Furthermore, there is a thin line with the luxurious glamorizing of the skin of endangered species. Some folks (perhaps vegans) may argue that a 1:1 copy of whale shark’s starry skin would be in poor form and undermine the conservation incentive. What Oris has achieved instead is rather cool pattern that is both uniform and random at the same time, thus capturing the organic scheme of the whale shark’s markings. The matte finish makes reading the dial easy in full sun. It’s nice to see Oris continue to up their dial manufacturing abilities.

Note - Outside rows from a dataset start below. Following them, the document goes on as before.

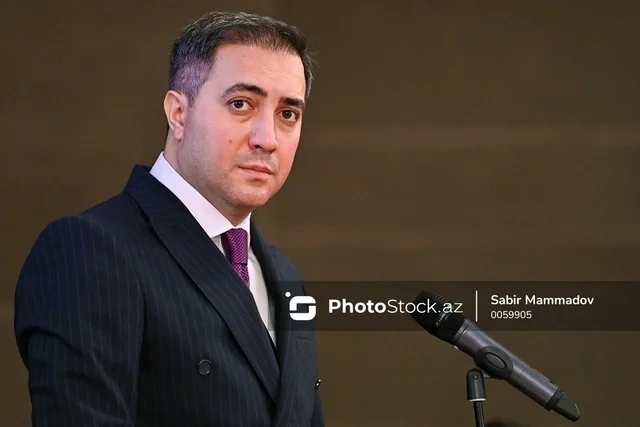 Rəqəmsal məkanda yeni qaydalar: Uşaqların psixoloji sağlamlığı necə təmin ediləcək?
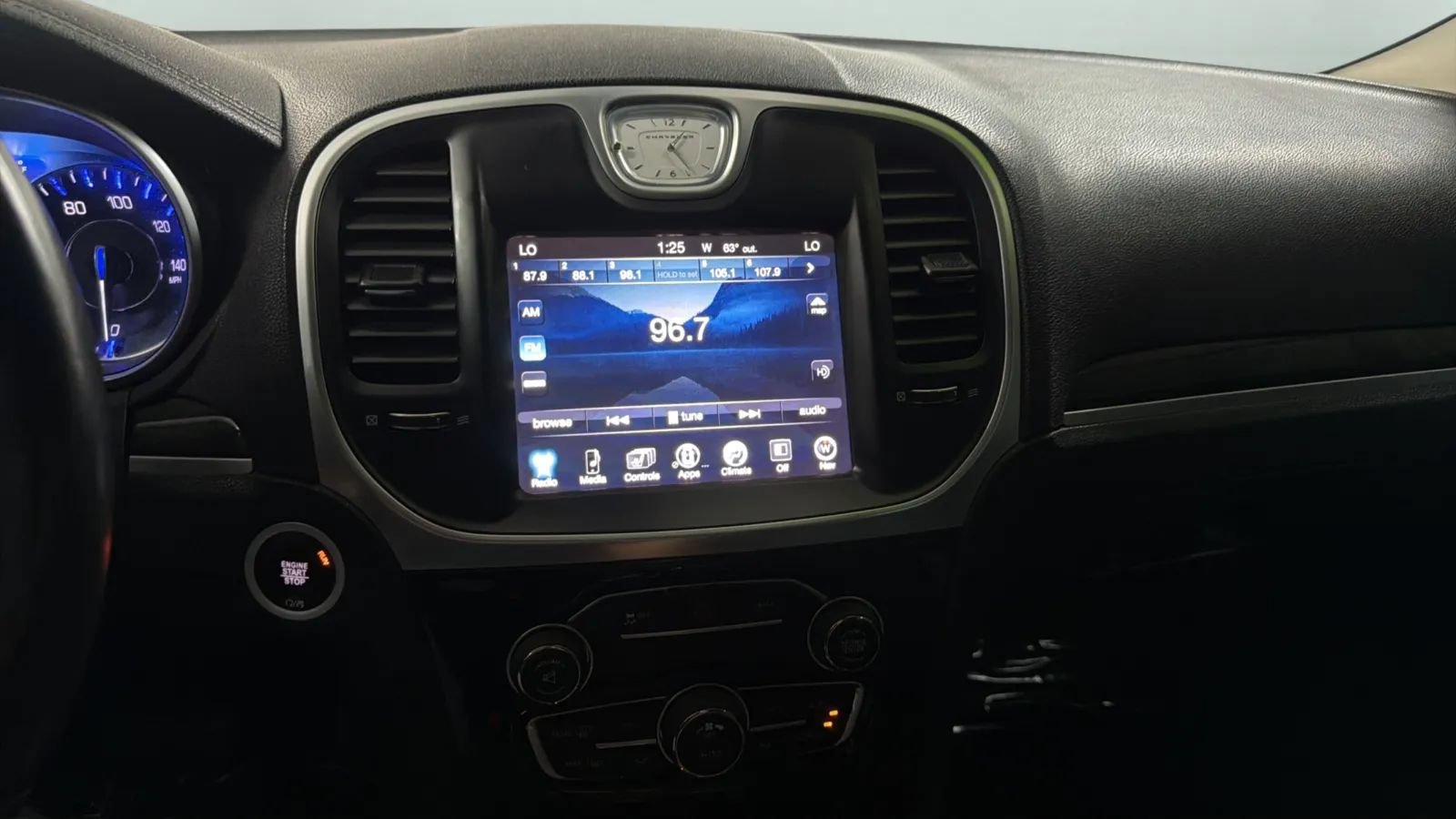 Used 2016 Chrysler 300 C RWD image 13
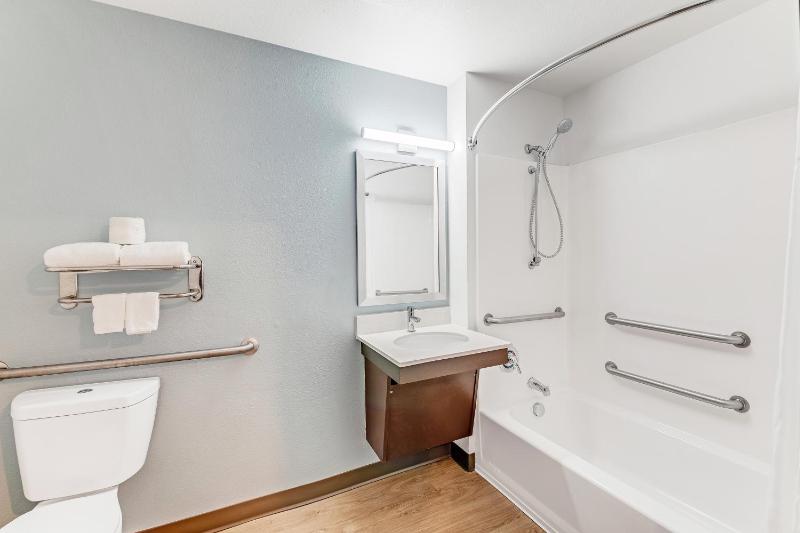 Queen Room  with Tub - Disability Access/Non-Smoking image 1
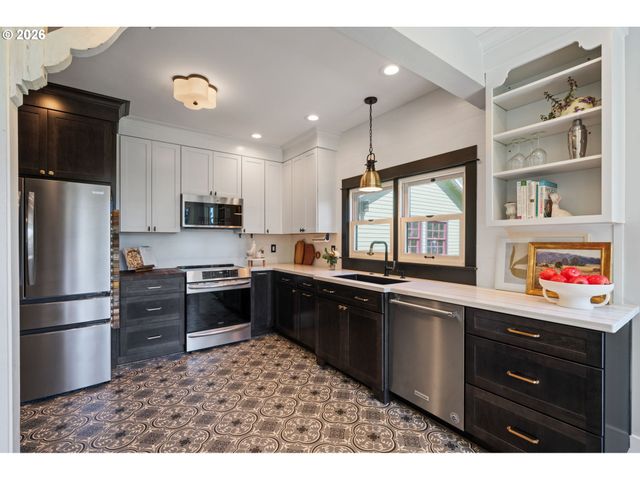 27017 Ne 44TH St, Camas, WA 98607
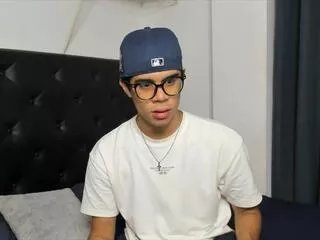 Offline damiano_lucaferri on Flirt4Free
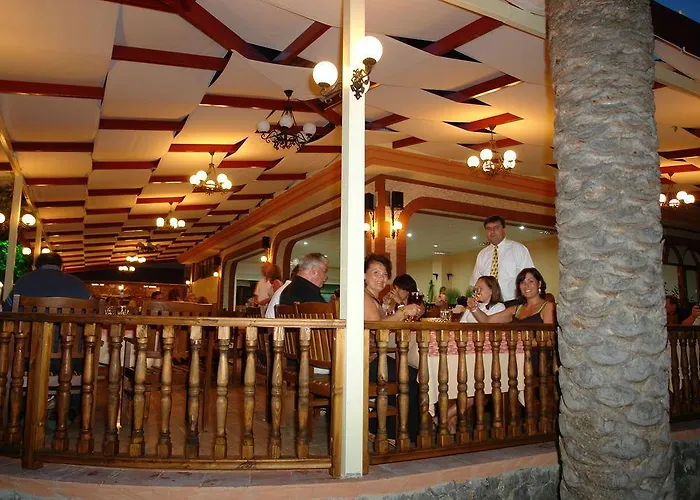 ホテル Club Meri Fethiye 3*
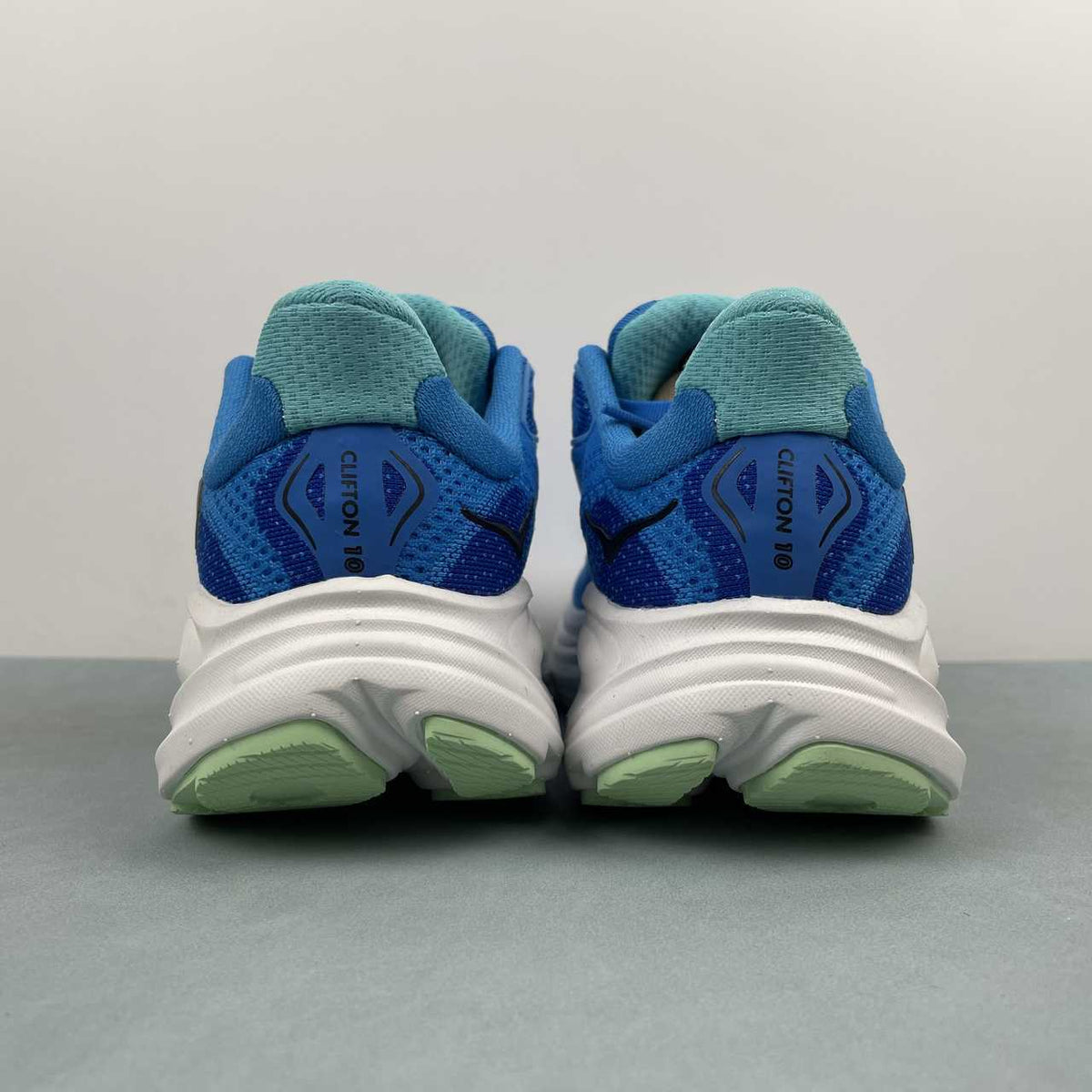 Hoka Clifton 10 (Azul)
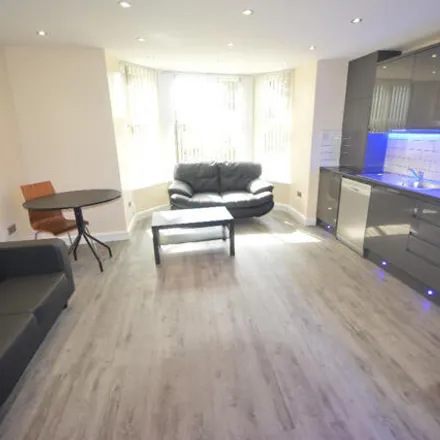 Image 3 - Regent Park Terrace, Leeds, LS6 2AX, United Kingdom - Room for rent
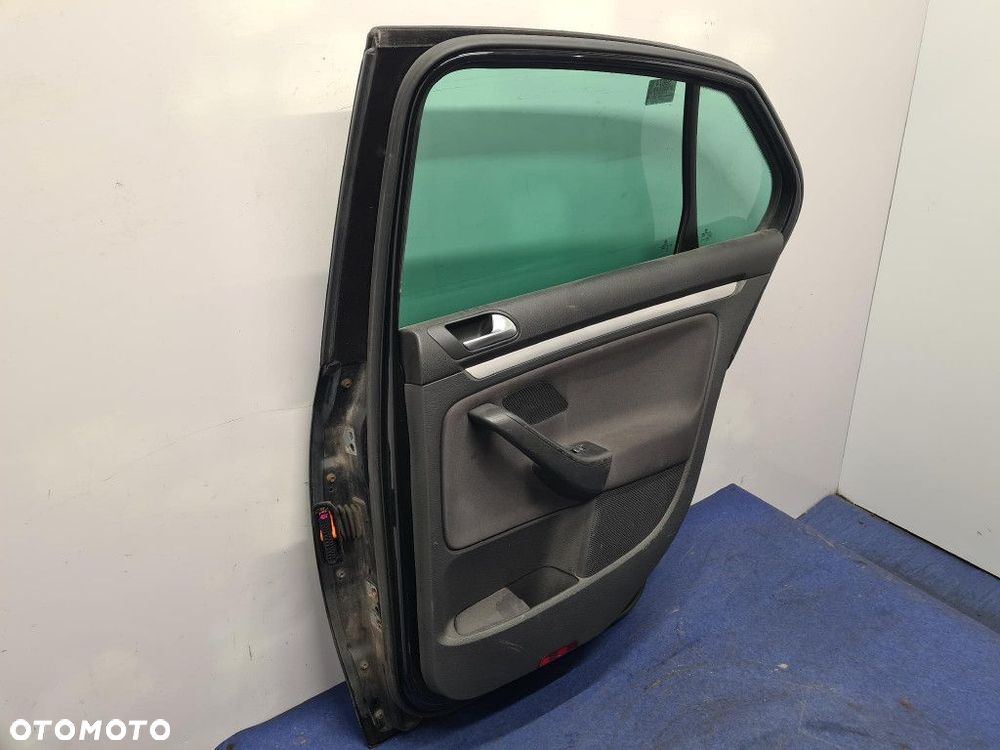 VOLKSWAGEN JETTA V SEDAN DRZWI TYŁ PRAWE LC9X - 5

We do wonder if (vegan concerns aside) the beautiful skin of the whale shark might have been more closely represented, even perhaps with a different colorway that captured the elegant animal’s monochromatic beauty more faithfully? Hypothetically, anyways, perhaps that an interesting idea to explore for future editions.
If you look at the lugs, you’ll notice that the Oris Aquis employs a proprietary bracelet / strap system. This has been an on-going complaint from watch nerds who pride themselves on changing straps daily for fresh social media posts, but as Oris’ most popular model it’s clear the general public couldn’t care less. But, being nerds ourselves, know that you are limited for options.
The bracelet meets the expectations of the price point. The stainless steel is brushed on the center-links and polished on the outer-links only. The effect helps to make a smooth visual transition from the lugs to the bracelet.
The stainless steel bracelet tapers from 24mm at the lugs to 18mm at the clasp. The dual push-button safety lock makes the milled clasp feel secure. The Oris Whale Shark Limited Edition is only available on a bracelet. For extra versatility, get yourself a tri-wing screwdriver and pick up a black Oris Aquis rubber strap for the summer.
Movement Oris 798 / (Sellita SW330-1)
Solid, reliable, but not a “true GMT” in that this watch does not offer an independent jumping hours hand. Most GMTs in this price range use this mechanical arrangement, and it’s not only normal but perfectly durable, workable, and easily serviced. For those seeking a more sophisticated execution of the “true GMT” function, you’ll have to look elsewhere and spend a lot more money.
2016 is a pretty small run for a larger manufacturer. These will sell out at some point. If whale shark conservation is important to you, we’d suggest picking up the Oris Whale Shark Limited Edition soon.
These limited edition watches are a great for Oris’ to make conservation partnerships initiatives known, and for us that advocacy is invaluable – not to mention nearly impossible to establish a quantifiable impact measure. While other companies are telling us that they don’t allow plastic straws in the office, Oris is partnering with environmental activists, scientists, organizations, and now filmmakers working in the field. As CEO Rolf Studer put it in the 2021 collection presentation, “It’s about changing what goes on up here,” as he pointed to his brain. Indeed.
If you want to support the whale shark conservation, here are ten things that you can do:
1. Do not eat shark fin soup.
2. Avoid eating shark meat.
3. Do not consume products that are produced or derived from the organs of sharks.
4. Don’t buy or keep shark species in a fish tank.
5. Help spread the word so that we can change the persecution of these misunderstood and enormous fish.
6. Understand why whale sharks are fundamental for the balance of marine ecosystems.
7. Learn about shark species that are in danger of extinction.
8. Do not encourage the purchase of souvenirs that come from sharks.
9. Find out what measures exist in your country for the protection of sharks.
10. Join an association dedicated to protecting sharks.